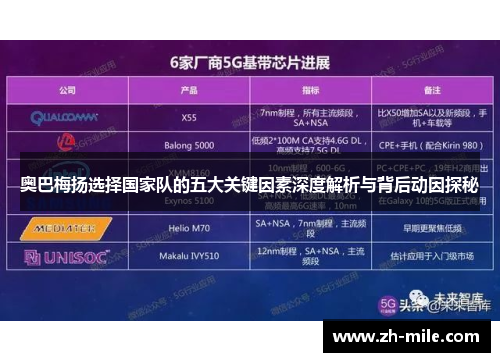 奥巴梅扬选择国家队的五大关键因素深度解析与背后动因探秘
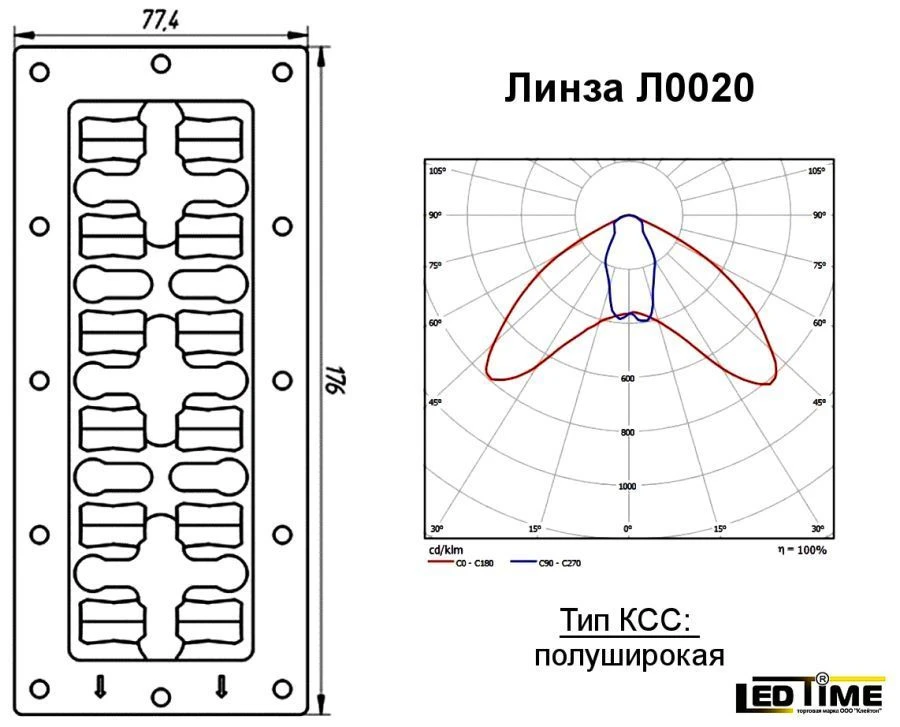 Lens for LEDs Ledtime L0020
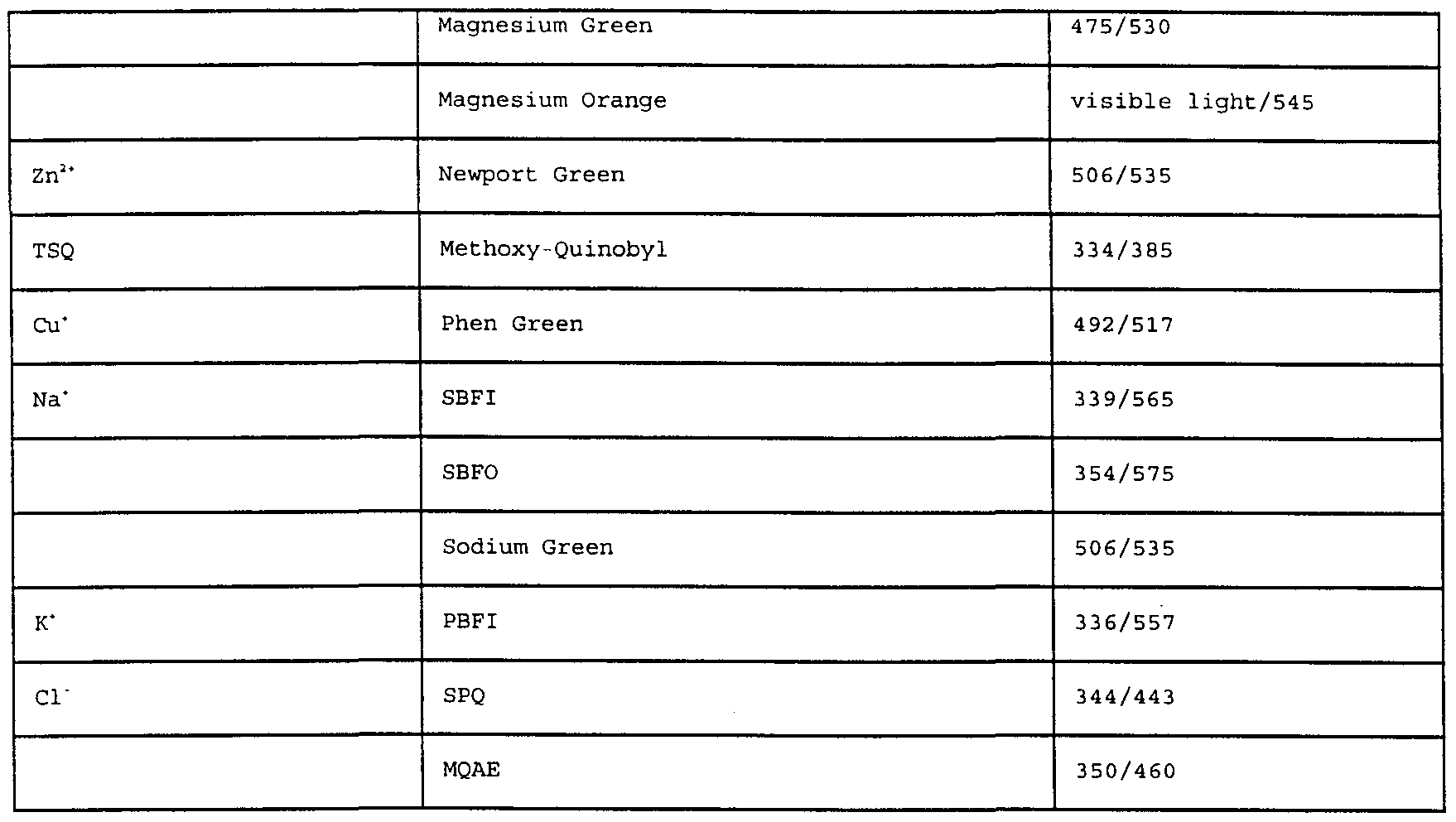 Figure imgf000017_0001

Exercise:
Write out the material exactly, excluding pictures.

Exercise result:
 奥巴梅扬选择国家队的五大关键因素深度解析与背后动因探秘
 Lens for LEDs Ledtime L0020
 Figure imgf000017_0001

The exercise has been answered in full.